On Tuesday 9 October 2007, the Dow Jones Industrial Average, DJIA, a major United States stock market index, attained its highest value ever at 14,164.53. Since opening at 40.94 on 26 May 1896, the DJIA has increased steadily, despite several periods of decline. However, by Wednesday 22 October 2008, just over a year after DJIA’s high, it closed at 8,519.21, representing a 39.85 per cent decline in the index.

In fact, a cyclical bear market is recognised to have commenced on 2 July 2008 when the Dow closed at 11,215.51, more than 20 per cent below its record high, accelerating by mid-September with a series of panics related to financial instability caused in part by the failure and/or sub-prime mortgage lending difficulties of the investment banking industry in the United States, specifically Lehman Brothers, Merrill Lynch, Morgan Stanley and JP Morgan-Chase, as well as government-backed mortgage giants Fannie Mae and Freddie Mac. For example, the largest daily point loss (777+; closing DJIA 10,365.45 ) was on 29 September 2008; the largest daily point gain (936+; closing DJIA 9,387.61) was on 13 October 2008 and the largest intra-day point swing (1,018+; closing DJIA 8,451.19) was on 10 October 2008. Furthermore, along the largest percentage gain since 1933 was 11 per cent, achieved on 13 October 2008 (closing DJIA 9,387.61), while the largest percentage loss since 1987 (7.87 per cent) was attained on 15 October 2008 (closing DJIA 8,577.91). The last day that the DJIA closed above the psychological 10,000 level was 3 October (at 10,325.38).

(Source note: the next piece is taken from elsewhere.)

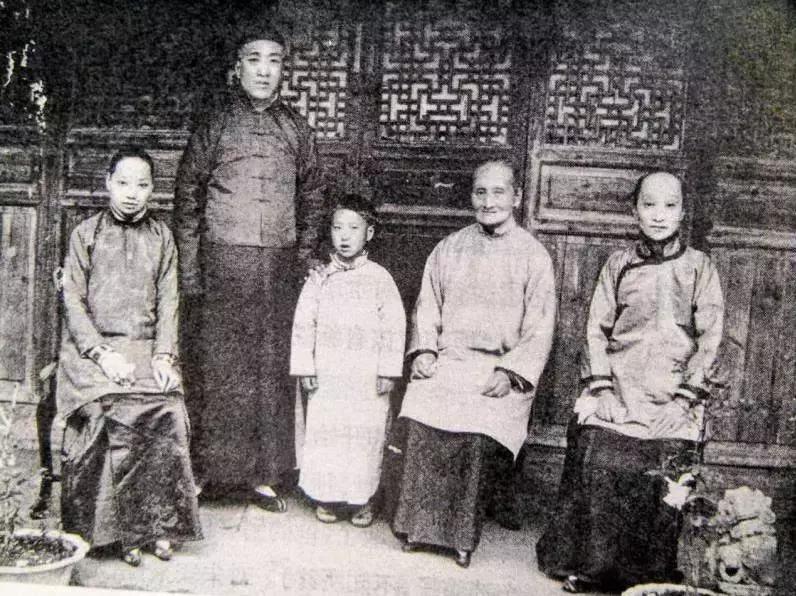 100多年前女生为什么要裹脚,100年前女人裹小脚的图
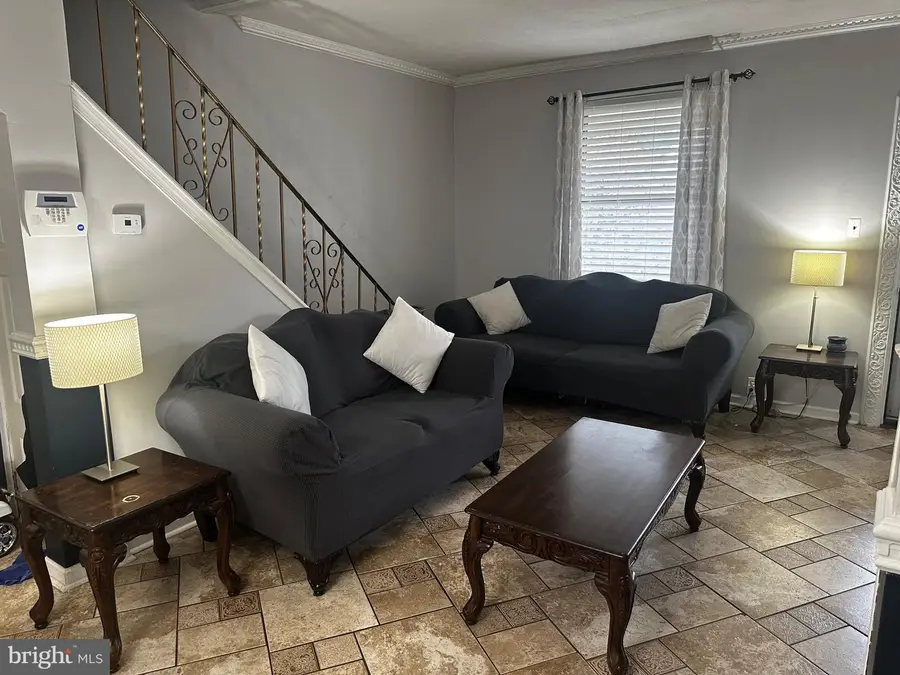 6634 Jackson St, Philadelphia, PA 19135 - #3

This wild financial period was broad and not confined to the United States. According to a TIME magazine essay (October 20, 2008), through 8 October, the year-to-date losses of the Standard & Poor 500 of the US was 33 per cent; of the DAX index of Germany was 38 per cent; of Brazil’s BM&F Bovespa was 40 per cent, of Shanghai’s SE Composite was 60 per cent and of Russia’s RTS Index was 67 per cent. In fact, the TIME essay also states that on 6 and 7 October 2008 alone, the global stock market lost a whopping $6.5 trillion as measured by Standard & Poor’s BMI Global, an index of major markets worldwide. We will review briefly below the response of various governments around the world, but we first ask: what has the financial situation in Nigeria been?
 

The Nigerian Capital Market Situation

Nigeria’s own stock market index is the Nigerian Stock Exchange’s All-Share Index (NSE-ASI, or simply ASI), and currently provides a composite picture of the financial health of 233 listed equities. Starting with an index value of 100 in 1984, with increased listings and financial activity, it attained a value of 57,990 at the end of year 2007. It started the year 2008 at 58,580 (with a market capitalisation of N10.284 trillion), and went on to achieve its highest value ever of 66,371 on 5 March 2008, with a market capitalisation of about N12.640 trillion.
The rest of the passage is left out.